県内外の小学生から大人まで18人が参加した。参加者はそれぞれ懐中電灯を持ち、学芸員の案内の下、普段は乗ることのできない作品搬入用のエレベーターで展示会場の2階へ。黒木さんは懐中電灯で絵の一部分を照らしながら、悪魔のような生き物や不穏に感じる描写などを説明した。
横7メートルを超える大作「鐘」について、黒木さんは「円卓を囲んでごちそうに講じる人がいる一方、飢えて草を食べている子どもがいる。森の木陰には首を絞めているように見える人もおり、人間の醜さが出ている。見るたびに新たな発見がある」とし、「生命の力強さと不穏なものといった二つの対比が描かれているのが、遠藤作品の魔力というか魅力」と伝えた。最後に絵にまつわる実話怪談を語り、「背後にご注意を」と締めくくった。
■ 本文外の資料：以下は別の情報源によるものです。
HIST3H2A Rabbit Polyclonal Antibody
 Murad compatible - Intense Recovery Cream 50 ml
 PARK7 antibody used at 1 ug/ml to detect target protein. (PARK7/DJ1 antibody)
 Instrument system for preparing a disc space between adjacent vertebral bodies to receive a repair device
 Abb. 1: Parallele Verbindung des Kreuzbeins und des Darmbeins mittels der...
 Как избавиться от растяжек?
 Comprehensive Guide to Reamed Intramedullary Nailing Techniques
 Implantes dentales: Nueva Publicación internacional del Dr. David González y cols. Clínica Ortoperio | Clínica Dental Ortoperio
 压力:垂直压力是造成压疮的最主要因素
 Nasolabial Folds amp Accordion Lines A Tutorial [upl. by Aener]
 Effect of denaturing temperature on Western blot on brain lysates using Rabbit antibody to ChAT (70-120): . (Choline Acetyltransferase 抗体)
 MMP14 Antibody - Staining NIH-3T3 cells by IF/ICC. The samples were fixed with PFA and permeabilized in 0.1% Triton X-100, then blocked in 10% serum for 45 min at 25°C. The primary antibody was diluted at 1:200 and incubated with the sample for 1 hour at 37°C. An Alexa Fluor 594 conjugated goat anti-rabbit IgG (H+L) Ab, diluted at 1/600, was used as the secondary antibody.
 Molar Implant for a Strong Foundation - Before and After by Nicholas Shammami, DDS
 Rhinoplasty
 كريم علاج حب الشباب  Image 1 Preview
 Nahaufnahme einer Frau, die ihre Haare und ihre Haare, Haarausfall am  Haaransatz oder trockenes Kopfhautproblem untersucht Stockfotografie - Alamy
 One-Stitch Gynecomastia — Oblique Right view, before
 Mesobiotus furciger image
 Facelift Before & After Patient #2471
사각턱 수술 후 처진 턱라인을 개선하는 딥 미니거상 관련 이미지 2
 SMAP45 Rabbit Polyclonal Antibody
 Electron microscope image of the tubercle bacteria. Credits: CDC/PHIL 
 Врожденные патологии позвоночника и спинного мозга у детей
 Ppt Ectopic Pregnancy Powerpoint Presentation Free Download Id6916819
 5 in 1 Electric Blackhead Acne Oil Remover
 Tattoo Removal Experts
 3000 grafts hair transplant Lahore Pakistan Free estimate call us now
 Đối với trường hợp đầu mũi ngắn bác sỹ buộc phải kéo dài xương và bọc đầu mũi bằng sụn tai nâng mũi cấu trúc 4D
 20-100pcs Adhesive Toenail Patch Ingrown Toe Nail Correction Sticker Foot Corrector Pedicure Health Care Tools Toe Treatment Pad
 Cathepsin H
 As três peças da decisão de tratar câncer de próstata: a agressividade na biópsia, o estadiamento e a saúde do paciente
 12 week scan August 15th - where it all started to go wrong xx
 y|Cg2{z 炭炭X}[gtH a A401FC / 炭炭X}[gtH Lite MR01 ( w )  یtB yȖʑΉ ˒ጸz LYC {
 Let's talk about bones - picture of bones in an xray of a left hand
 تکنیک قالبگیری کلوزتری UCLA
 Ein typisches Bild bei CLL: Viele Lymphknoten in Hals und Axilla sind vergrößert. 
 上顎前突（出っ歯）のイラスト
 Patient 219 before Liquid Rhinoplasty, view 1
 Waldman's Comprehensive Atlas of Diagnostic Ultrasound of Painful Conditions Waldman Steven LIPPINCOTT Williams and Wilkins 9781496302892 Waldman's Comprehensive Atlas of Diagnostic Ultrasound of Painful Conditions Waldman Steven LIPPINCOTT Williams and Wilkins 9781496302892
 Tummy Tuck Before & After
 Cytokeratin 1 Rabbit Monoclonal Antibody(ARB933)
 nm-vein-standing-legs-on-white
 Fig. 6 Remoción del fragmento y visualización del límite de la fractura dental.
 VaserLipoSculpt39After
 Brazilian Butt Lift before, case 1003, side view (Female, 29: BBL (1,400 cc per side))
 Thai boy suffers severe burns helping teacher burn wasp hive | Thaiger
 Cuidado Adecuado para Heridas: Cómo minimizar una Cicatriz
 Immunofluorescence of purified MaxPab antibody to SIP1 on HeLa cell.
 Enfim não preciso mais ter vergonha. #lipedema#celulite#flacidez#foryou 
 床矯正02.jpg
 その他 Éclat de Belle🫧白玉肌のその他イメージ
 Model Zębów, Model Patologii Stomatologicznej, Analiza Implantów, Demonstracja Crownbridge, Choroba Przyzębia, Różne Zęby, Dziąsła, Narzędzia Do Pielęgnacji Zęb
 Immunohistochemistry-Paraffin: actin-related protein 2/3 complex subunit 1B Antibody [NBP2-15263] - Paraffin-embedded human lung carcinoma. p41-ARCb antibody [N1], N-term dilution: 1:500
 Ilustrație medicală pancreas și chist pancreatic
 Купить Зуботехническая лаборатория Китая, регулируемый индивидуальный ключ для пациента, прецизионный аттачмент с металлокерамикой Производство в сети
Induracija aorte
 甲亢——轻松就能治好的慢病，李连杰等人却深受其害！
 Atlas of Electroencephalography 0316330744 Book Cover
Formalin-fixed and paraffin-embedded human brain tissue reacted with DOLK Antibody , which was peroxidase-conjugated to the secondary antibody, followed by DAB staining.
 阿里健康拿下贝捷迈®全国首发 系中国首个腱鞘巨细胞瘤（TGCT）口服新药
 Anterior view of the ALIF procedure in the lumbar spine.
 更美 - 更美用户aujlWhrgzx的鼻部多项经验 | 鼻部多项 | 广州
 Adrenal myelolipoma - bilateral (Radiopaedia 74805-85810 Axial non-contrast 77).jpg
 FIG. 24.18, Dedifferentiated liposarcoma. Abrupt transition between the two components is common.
山形市七日町1丁目、会社員奥山吉貴(よしたか)さん(40)は「夜の美術館は、昼とは雰囲気が異なりよかった。スケールが大きく、子どもと一緒に来ても楽しめる」、娘の山形一小4年雫玖(しずく)さん(10)は「懐中電灯で照らして見ると、すごく怖かった。印象に残っているのはワニの絵。昼にまた見に来たい」とそれぞれ話した。
同展は山形新聞、山形放送の8大事業。洋画家遠藤さんの油彩画や彫刻など約80点を展示している。8月27日まで。